::: Extracted entries
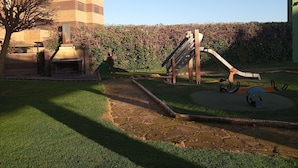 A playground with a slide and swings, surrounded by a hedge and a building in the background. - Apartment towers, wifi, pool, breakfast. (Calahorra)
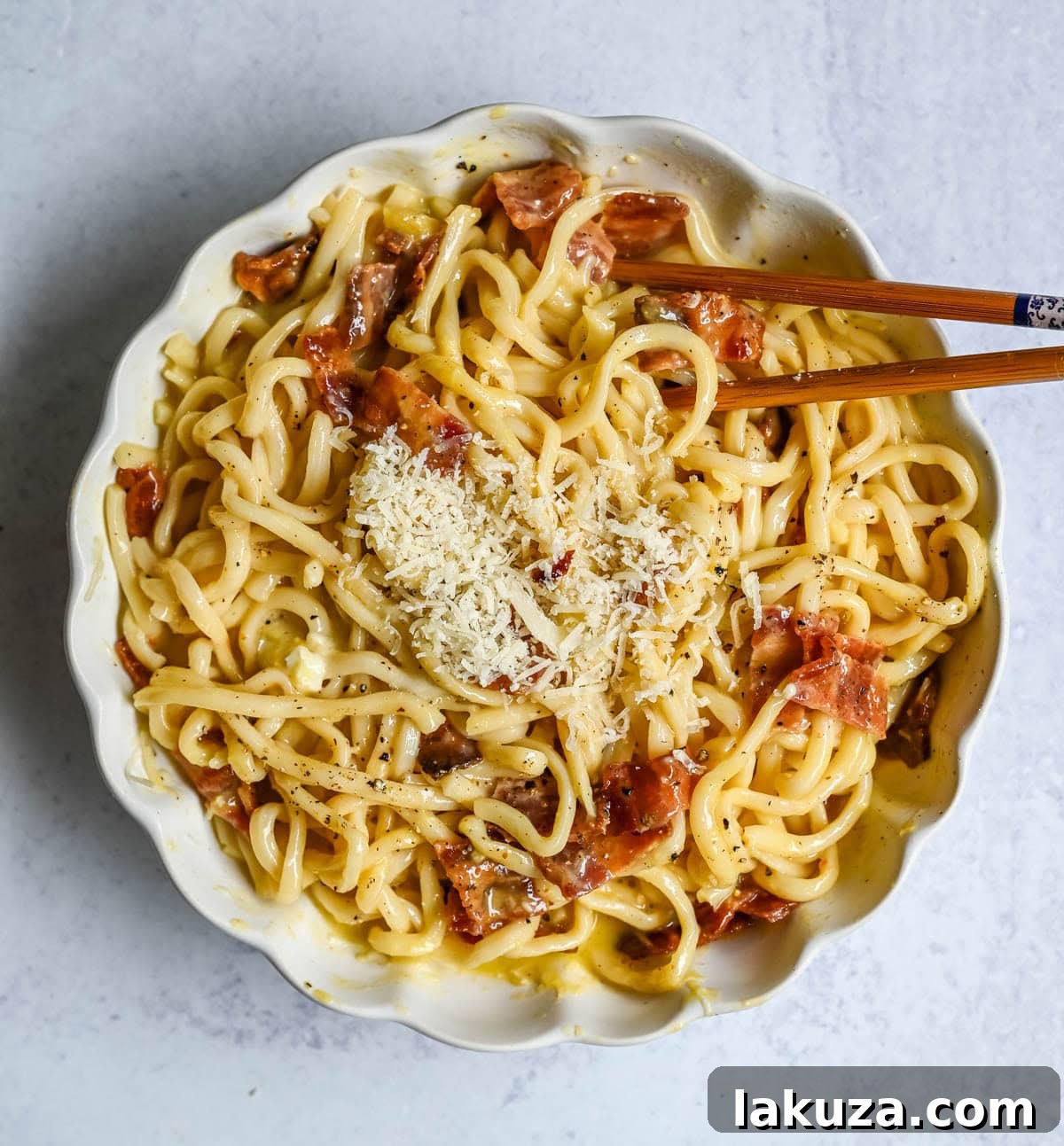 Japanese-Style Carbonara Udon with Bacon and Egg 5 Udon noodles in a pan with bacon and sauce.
::::::
::: Extracted entries
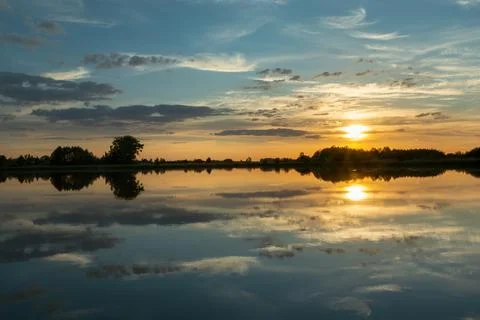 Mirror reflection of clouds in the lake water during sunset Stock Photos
::::::
◆ Task description: Output should consist of the lines above from the one with "A playground with" down to the one with "Japanese-Style Carbonara Udon", exact and without pictures.

◆ Answer box:
 A playground with a slide and swings, surrounded by a hedge and a building in the background. - Apartment towers, wifi, pool, breakfast. (Calahorra)
 Japanese-Style Carbonara Udon with Bacon and Egg 5 Udon noodles in a pan with bacon and sauce.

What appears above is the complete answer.